Prep 20 mins
Cook 15 mins
Recipe is from the Nestle kitchens.
COFFEE CREAM SAUCE
- 1 large egg yolk
- 1 (14 ounce) can sweetened condensed milk
- 2⁄3 cup water
- 2 1⁄2 teaspoons instant coffee granules
- 2 teaspoons cornstarch
- 1 teaspoon vanilla extract
- 3 cups about 3 medium sliced bananas
- 1⁄2 cup chopped pecans
- 9 (8 inch) soft taco-size flour tortillas, warmed
- vegetable oil (for frying)
- FOR COFFEE CREAM SAUCE:.
- BEAT egg yolk in small bowl. Set aside.
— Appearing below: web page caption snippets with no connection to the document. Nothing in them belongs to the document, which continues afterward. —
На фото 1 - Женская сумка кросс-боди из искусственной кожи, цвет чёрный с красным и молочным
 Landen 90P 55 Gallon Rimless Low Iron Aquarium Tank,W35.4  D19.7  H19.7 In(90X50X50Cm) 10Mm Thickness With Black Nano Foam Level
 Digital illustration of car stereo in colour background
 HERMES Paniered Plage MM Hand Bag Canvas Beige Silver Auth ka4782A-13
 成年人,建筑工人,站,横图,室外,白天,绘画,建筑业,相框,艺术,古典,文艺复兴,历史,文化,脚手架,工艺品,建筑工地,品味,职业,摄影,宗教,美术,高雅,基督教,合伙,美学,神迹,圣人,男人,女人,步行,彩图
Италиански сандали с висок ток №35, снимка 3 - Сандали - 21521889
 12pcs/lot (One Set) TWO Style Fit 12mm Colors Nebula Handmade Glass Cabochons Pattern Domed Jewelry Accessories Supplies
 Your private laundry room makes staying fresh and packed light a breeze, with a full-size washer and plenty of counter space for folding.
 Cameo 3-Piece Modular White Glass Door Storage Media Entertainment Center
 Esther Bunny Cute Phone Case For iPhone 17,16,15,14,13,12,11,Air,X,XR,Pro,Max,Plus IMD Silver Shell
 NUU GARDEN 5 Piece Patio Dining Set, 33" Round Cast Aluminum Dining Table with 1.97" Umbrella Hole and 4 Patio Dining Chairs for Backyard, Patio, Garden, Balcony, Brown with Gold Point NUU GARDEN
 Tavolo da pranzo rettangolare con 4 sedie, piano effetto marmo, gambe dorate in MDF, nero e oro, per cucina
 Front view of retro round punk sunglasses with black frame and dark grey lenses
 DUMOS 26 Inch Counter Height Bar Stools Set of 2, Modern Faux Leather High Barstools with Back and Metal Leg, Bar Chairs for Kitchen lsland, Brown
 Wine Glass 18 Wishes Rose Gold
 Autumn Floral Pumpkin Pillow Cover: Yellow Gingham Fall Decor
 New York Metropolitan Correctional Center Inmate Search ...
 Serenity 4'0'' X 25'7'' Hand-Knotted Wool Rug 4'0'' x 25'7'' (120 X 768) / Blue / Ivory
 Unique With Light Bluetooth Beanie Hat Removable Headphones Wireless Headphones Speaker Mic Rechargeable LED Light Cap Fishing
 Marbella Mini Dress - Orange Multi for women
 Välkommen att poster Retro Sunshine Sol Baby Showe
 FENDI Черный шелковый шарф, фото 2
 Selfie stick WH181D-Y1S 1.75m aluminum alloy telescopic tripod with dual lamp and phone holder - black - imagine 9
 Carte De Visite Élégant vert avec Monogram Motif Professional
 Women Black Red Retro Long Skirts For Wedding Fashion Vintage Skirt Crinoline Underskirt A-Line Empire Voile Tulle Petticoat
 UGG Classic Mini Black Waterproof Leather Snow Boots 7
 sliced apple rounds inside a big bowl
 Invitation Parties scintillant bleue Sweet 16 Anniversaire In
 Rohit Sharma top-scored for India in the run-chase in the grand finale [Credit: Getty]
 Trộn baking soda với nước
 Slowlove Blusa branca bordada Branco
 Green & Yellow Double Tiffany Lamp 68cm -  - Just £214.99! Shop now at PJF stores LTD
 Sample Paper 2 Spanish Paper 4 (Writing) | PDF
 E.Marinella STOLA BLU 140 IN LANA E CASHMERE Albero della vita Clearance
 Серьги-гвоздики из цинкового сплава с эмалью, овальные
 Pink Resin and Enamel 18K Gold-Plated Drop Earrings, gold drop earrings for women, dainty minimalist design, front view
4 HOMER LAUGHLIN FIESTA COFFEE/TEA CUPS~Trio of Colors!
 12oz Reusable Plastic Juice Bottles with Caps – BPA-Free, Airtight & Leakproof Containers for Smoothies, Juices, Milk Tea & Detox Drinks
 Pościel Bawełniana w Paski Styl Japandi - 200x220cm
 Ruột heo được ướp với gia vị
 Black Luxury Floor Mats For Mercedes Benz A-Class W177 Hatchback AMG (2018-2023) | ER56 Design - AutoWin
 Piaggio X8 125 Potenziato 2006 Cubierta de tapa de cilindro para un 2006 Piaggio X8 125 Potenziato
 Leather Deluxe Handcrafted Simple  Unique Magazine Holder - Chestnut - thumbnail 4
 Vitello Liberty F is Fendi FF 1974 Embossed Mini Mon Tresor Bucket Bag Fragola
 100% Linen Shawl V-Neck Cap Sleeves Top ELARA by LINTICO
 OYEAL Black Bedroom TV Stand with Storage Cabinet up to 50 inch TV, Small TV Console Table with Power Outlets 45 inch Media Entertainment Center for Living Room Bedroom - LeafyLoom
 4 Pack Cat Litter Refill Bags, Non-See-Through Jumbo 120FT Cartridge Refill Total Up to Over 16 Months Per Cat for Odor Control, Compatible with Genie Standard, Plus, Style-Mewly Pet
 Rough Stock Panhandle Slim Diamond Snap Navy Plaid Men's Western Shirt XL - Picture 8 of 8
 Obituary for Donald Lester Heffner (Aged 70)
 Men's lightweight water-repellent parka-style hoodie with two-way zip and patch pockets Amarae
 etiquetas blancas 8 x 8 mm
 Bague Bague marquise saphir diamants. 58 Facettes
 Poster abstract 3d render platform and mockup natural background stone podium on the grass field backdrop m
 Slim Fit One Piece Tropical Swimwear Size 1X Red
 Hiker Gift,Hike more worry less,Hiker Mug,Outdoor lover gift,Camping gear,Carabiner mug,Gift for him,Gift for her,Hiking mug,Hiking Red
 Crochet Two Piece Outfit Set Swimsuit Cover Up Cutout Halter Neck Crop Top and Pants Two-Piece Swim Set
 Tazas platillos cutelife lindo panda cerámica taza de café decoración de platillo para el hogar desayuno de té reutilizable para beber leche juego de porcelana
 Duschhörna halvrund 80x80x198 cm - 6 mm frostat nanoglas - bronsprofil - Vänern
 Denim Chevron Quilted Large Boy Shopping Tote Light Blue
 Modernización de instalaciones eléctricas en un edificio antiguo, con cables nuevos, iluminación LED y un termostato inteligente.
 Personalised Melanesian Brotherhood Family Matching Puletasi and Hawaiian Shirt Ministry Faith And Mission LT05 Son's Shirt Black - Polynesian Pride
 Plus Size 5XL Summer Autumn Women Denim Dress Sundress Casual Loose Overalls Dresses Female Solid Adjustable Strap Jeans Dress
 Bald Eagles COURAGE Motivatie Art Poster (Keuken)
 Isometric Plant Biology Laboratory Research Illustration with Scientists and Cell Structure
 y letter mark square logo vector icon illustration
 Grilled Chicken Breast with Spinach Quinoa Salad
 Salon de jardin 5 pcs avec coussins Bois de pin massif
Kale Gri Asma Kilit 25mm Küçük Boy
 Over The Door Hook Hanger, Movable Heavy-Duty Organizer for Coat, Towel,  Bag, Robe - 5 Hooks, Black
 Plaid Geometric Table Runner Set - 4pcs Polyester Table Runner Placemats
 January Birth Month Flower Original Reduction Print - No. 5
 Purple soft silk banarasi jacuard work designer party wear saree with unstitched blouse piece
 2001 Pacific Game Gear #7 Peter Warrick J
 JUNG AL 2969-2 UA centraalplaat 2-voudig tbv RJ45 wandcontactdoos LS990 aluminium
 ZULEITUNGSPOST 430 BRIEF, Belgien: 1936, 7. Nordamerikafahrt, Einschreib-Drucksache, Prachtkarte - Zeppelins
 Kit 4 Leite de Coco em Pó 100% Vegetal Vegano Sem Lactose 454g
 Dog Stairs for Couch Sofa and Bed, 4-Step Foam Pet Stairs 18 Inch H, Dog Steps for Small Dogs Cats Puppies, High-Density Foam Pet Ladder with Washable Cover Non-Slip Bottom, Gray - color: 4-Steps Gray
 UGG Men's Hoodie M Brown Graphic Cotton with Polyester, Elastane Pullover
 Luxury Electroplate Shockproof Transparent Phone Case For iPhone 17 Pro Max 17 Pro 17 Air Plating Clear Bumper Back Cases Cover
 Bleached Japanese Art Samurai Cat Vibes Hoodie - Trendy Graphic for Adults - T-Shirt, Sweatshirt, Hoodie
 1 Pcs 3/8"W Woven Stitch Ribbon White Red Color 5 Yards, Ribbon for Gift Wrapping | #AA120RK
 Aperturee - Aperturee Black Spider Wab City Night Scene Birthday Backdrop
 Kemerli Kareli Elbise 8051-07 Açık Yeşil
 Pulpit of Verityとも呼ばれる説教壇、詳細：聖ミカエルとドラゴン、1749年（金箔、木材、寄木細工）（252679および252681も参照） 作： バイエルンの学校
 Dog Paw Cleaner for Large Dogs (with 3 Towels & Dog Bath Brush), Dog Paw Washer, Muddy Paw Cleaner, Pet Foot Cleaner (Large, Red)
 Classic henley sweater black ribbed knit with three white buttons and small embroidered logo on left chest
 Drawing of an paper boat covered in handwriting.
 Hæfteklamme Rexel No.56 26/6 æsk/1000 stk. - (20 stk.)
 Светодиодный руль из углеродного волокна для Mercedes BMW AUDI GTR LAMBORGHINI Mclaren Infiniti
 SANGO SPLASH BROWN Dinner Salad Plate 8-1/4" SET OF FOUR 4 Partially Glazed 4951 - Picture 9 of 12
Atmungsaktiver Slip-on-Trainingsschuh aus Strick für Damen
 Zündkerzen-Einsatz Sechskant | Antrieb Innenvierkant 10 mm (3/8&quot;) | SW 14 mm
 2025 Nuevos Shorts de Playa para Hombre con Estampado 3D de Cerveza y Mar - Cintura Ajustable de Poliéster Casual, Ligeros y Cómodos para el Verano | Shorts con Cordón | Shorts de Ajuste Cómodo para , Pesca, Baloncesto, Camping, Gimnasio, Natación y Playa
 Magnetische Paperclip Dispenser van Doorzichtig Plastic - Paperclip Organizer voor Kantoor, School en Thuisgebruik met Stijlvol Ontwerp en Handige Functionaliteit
- COMBINE sweetened condensed milk, water, coffee granules and cornstarch in medium saucepan. Cook over medium heat, stirring constantly, until mixture is hot. Gradually stir about 1 cup hot mixture into beaten egg yolk. Stir egg mixture back into mixture in saucepan. Cook until sauce comes to a full boil and thickens. Remove from heat. Stir in vanilla extract.
- FOR CHIMICHANGAS:.
- COMBINE bananas, nuts and 3/4 cup Coffee Cream Sauce in medium bowl. Spoon about 1/3 cup mixture down center of each tortilla. Fold bottom sides up and roll up. Secure with wooden picks.
- POUR oil into large skillet to about 1-inch depth. Heat over medium heat. Fry 2 to 3 chimichangas at a time, turning frequently, for about 2 minutes or until golden brown. Drain on paper towels. Remove wooden picks. Serve warm with remaining Coffee Cream Sauce.